━━━ Records provided

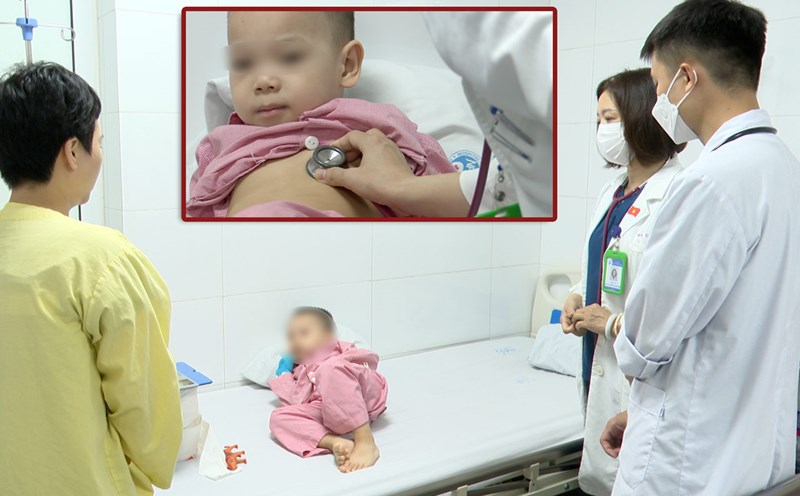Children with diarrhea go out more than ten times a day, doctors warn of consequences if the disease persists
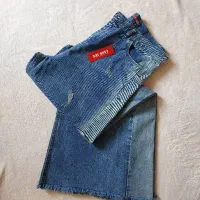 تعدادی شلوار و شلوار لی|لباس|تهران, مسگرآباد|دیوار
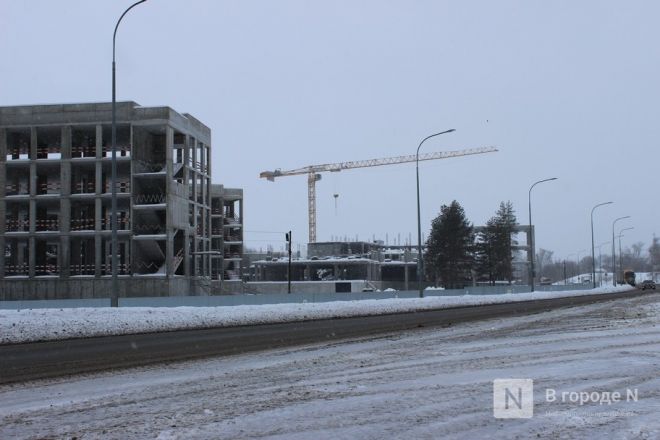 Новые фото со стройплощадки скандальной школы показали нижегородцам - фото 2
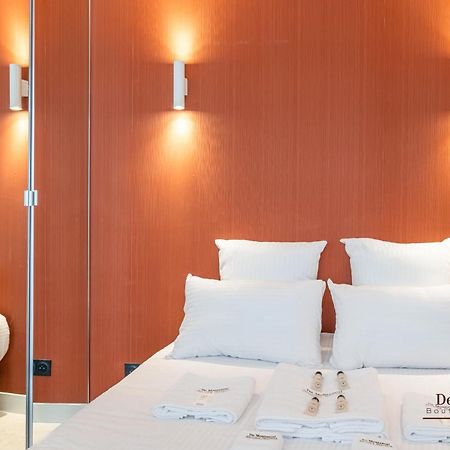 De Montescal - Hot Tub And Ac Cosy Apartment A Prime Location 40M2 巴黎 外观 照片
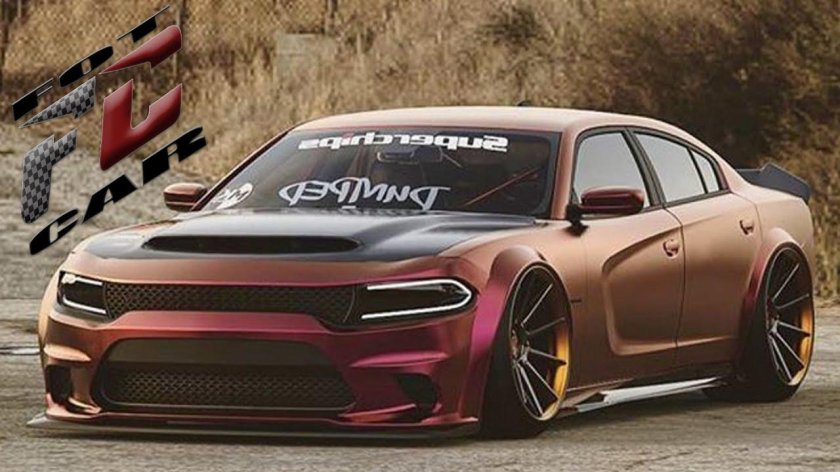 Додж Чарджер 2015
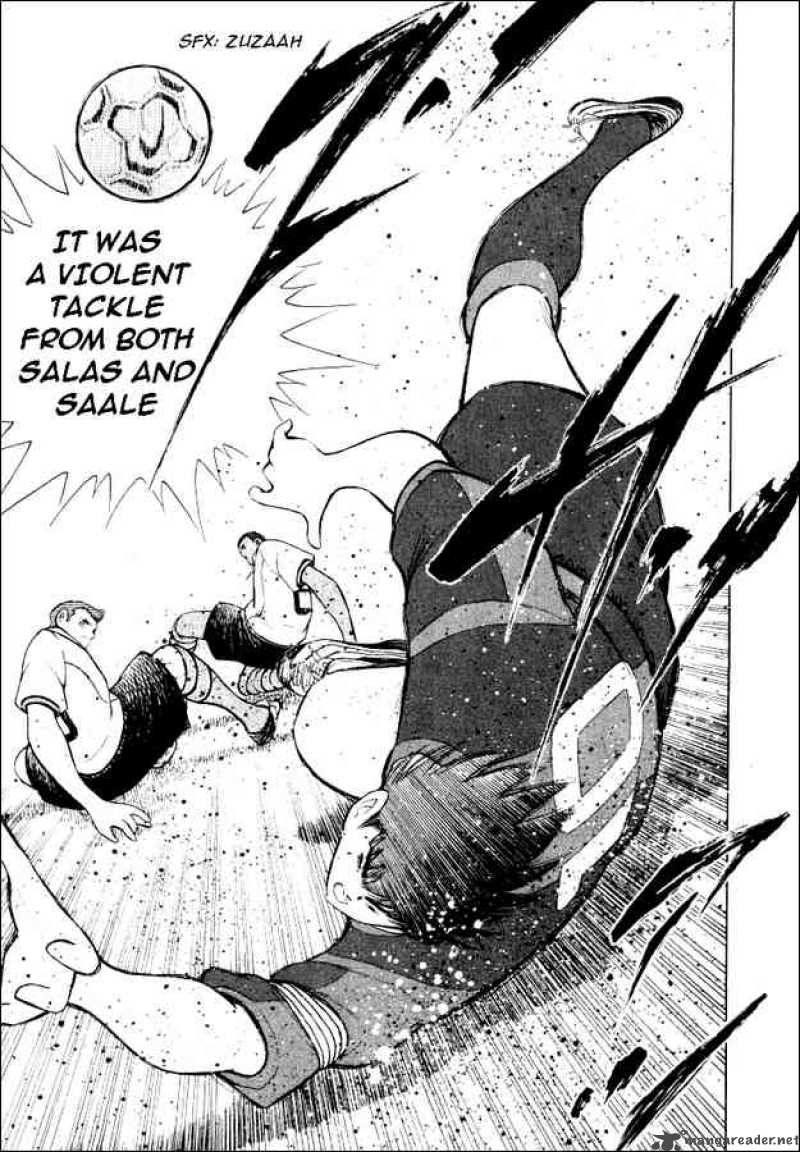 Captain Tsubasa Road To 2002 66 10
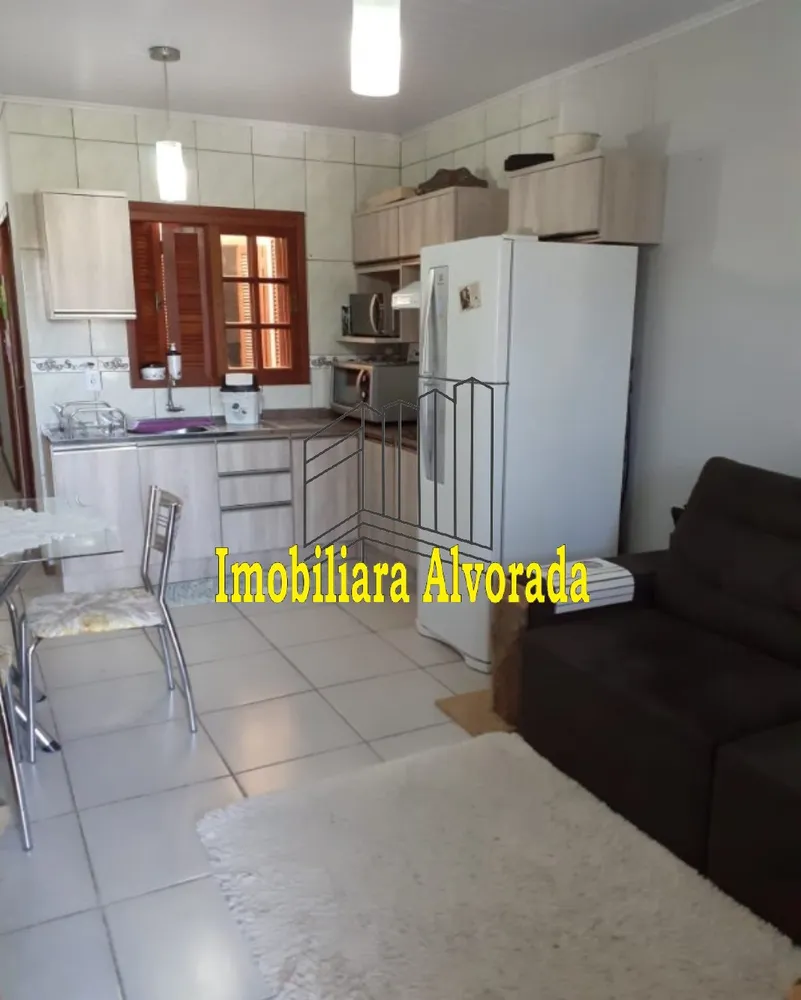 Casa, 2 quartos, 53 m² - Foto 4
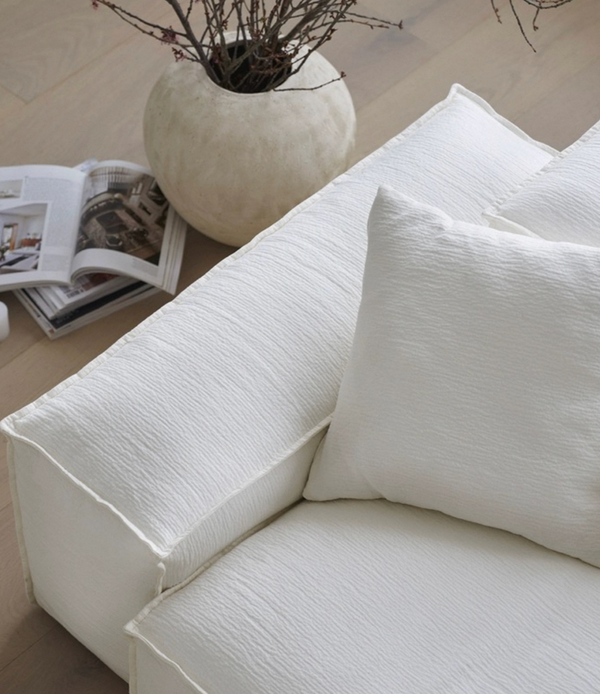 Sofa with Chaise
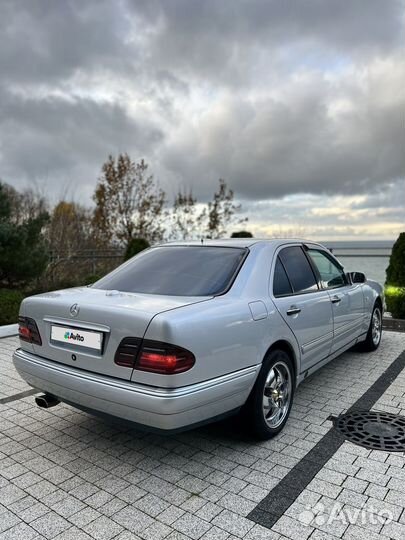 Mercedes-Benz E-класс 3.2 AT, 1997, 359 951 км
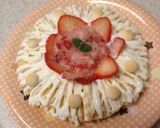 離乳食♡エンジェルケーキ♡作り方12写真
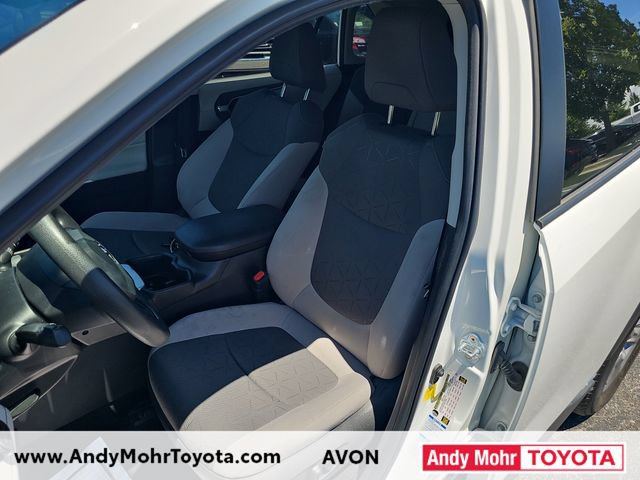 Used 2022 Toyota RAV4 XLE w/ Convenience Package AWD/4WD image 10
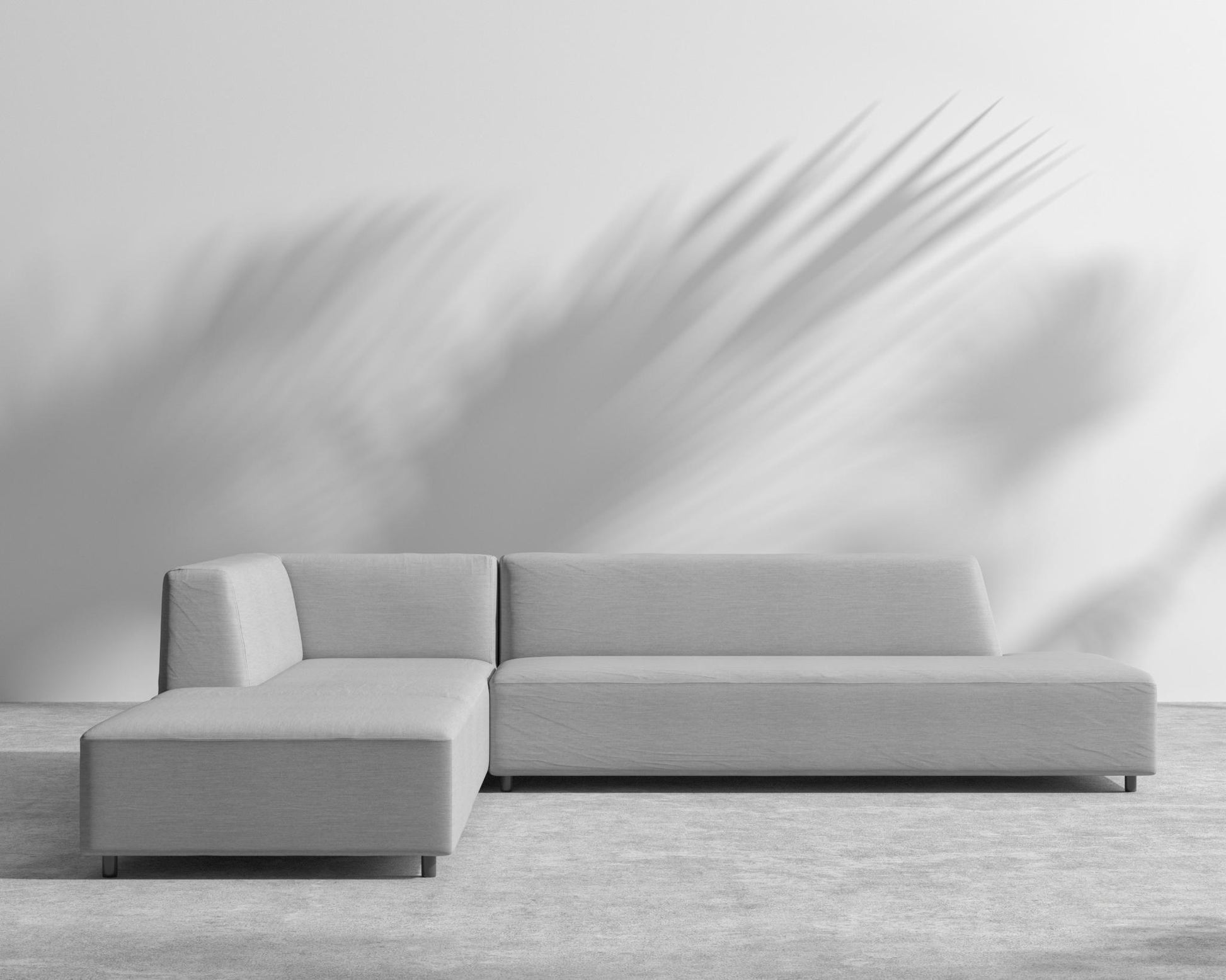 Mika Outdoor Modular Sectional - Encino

━━━━━━

Retype exactly the lines above, starting at the line containing "Casa, 2 quartos, 53 m² - Foto 4" and ending with the last line, both included; leave out the pictures.

 Casa, 2 quartos, 53 m² - Foto 4
 Sofa with Chaise
 Mercedes-Benz E-класс 3.2 AT, 1997, 359 951 км
 離乳食♡エンジェルケーキ♡作り方12写真
 Used 2022 Toyota RAV4 XLE w/ Convenience Package AWD/4WD image 10
 Mika Outdoor Modular Sectional - Encino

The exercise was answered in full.